Simply deleting a file or folder is not enough. There are plenty of tools that’ll allow the bad guys to easily retrieve a deleted file/folder.
So you need a robust tool to ensure that erased data is gone forever to prevent it from falling into wrong hands.
Data sanitization is a broad category and includes many options.
Hard-drive shredding and incineration are two options for extreme-security conscious organizations like the NSA, FBI or CIA.
In this post, we’ll consider a simple software technique to securely remove a file or folder from your Ubuntu Linux system.
We’ll use a CLI utility called secure-delete for an Ubuntu system.
Install and Verify Download:
You can download secure-delete and verify installation via the CLI with the following commands:
$ sudo apt install secure-delete
It’s possible your organization may have already installed secure-delete on your key servers and endpoints.
If you’re verifying a previous installation, go with the below command:
$ apt-cache policy secure-delete secure-delete: Installed: 3.1-6ubuntu2 Candidate: 3.1-6ubuntu2 Version table: *** 3.1-6ubuntu2 500 500 http://archive.ubuntu.com/ubuntu focal/universe amd64 Packages 100 /var/lib/dpkg/status
Secure-delete CLI Options
Here are a few key options for the secure-delete utility that I grabbed from its man pages:
-d ignore the two special dot files . and .. on the commandline. (so you can execute it like “srm -d .* *”)
-f fast (and insecure mode): no /dev/urandom, no synchronize mode.
-l lessens the security. Only two passes are written: one mode with 0xff and a final mode random values.
-l -l for a second time lessons the security even more: only one random pass is written.
-r recursive mode, deletes all subdirectories.
-v verbose mode
-z wipes the last write with zeros instead of random data
Test File Deletion
Let’s now do a test run of secure-delete.
I created a file called Test-Delete.
Next step is to go ahead and delete it via secure-delete.
I opted to use the command srm -vz since it does 38-passes and then wipes the last write with zeros instead of random data.
$ srm -vz Test-Delete Using /dev/urandom for random input.
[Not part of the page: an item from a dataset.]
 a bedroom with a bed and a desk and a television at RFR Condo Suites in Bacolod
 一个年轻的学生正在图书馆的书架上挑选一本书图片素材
Wipe mode is secure (38 special passes) Wiping Test-Delete ***************************** Removed file Test-Delete ... Done
If you want to delete an entire folder along with all the files inside it then you must add the -r option to your command:
$ srm -vzr [folder_name]
I suggest you take a deko at the man pages of secure-delete to learn more about this important security tool.
Note of Caution
As with some security tools, secure-delete too has limitations.
Read the man pages at man srm for secure-delete for details on the limitations.
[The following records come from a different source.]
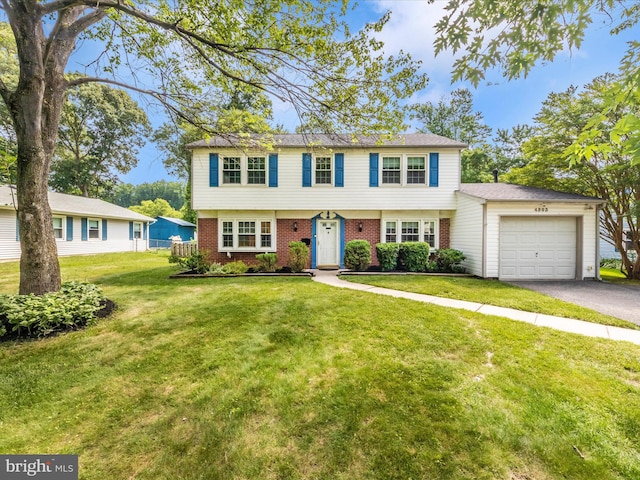 4503 Oakview Ln, Bowie, MD 20715 - colonial-style house featuring an attached garage, driveway, brick siding, and a front lawn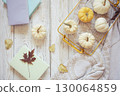 Autumn harvest of assorted pumpkins. Still life with pumpkins and autumn leaves on wooden surface. 130064859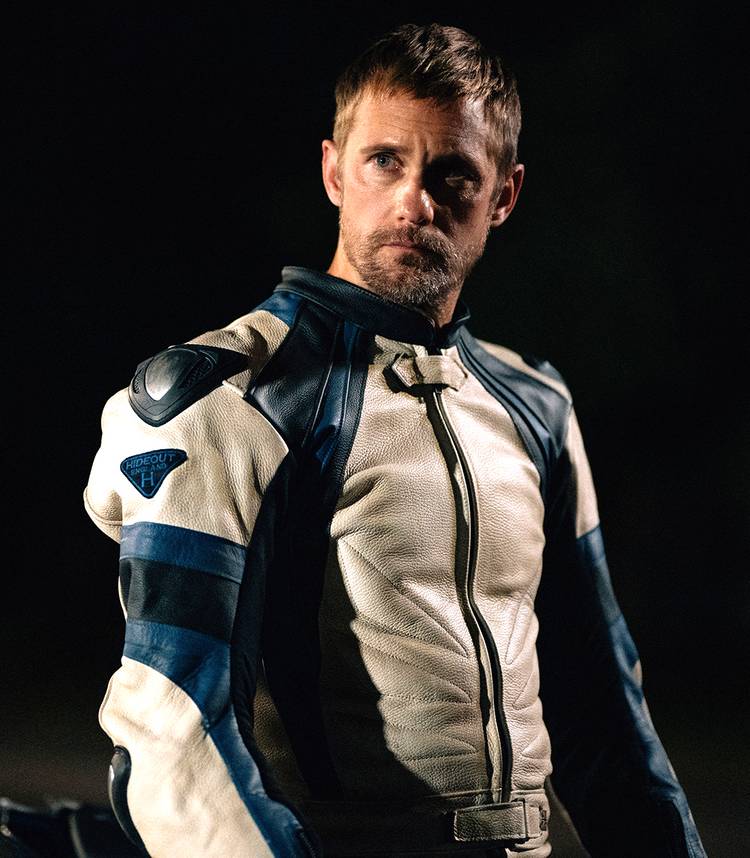 Alexander Skarsgård como Ray, encostado em sua moto em Pillion.
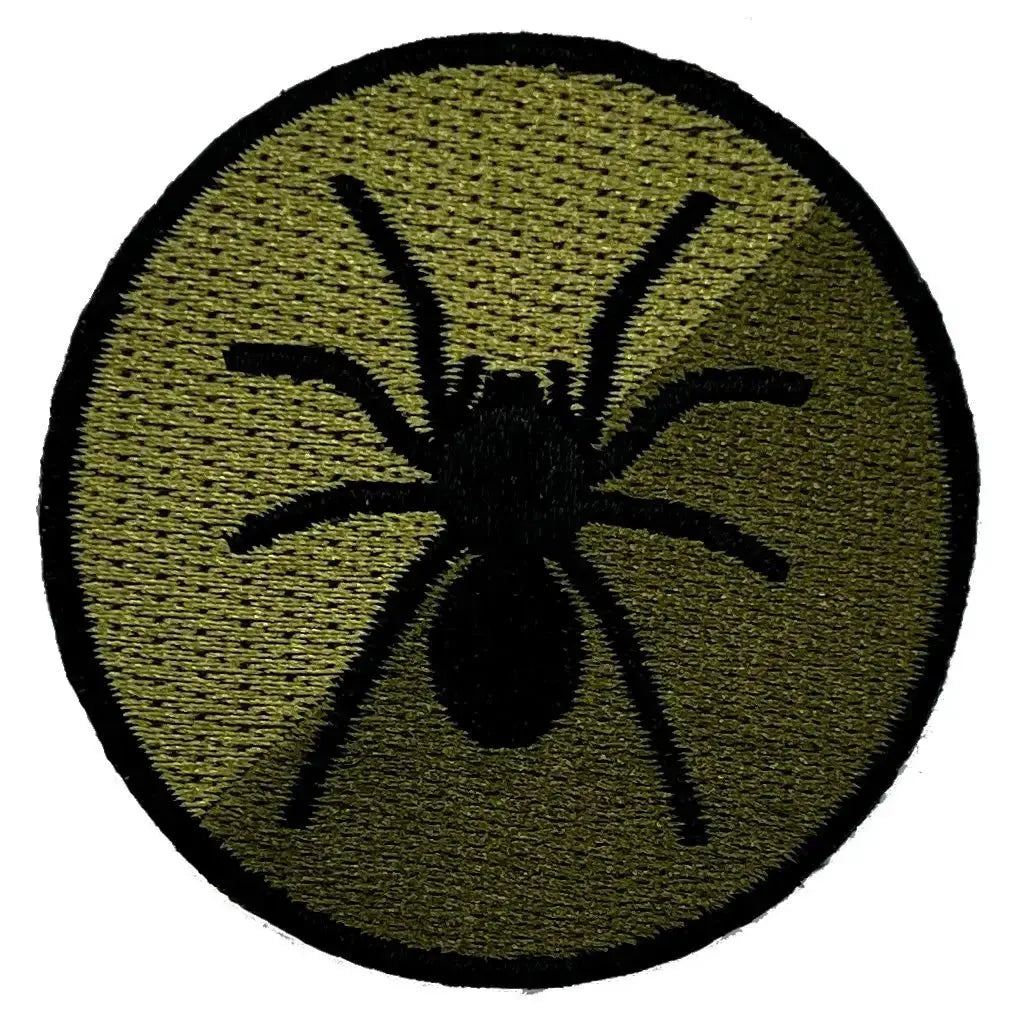 Single military tactical recognition flash patch with a black spider emblem on an olive green circular background, designed with hook & loop backing.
Here’s an excerpt from the secure-delete man pages:
“Some of your data might have a temporary (deleted) copy somewhere on the disk. You should use sfill which comes with the secure_deletion package to ensure to wipe also the free diskspace. However, If already a small file acquired a block with your precious data, no tool … can help you here. For a secure deletion of the swap space sswap is available.”
secure-delete is a powerful tool and it’s unlikely you’ll be able to restore a file or folder if you accidentally delete it.
So act with caution before hitting the enter key and always ensure your organization has a robust backup policy.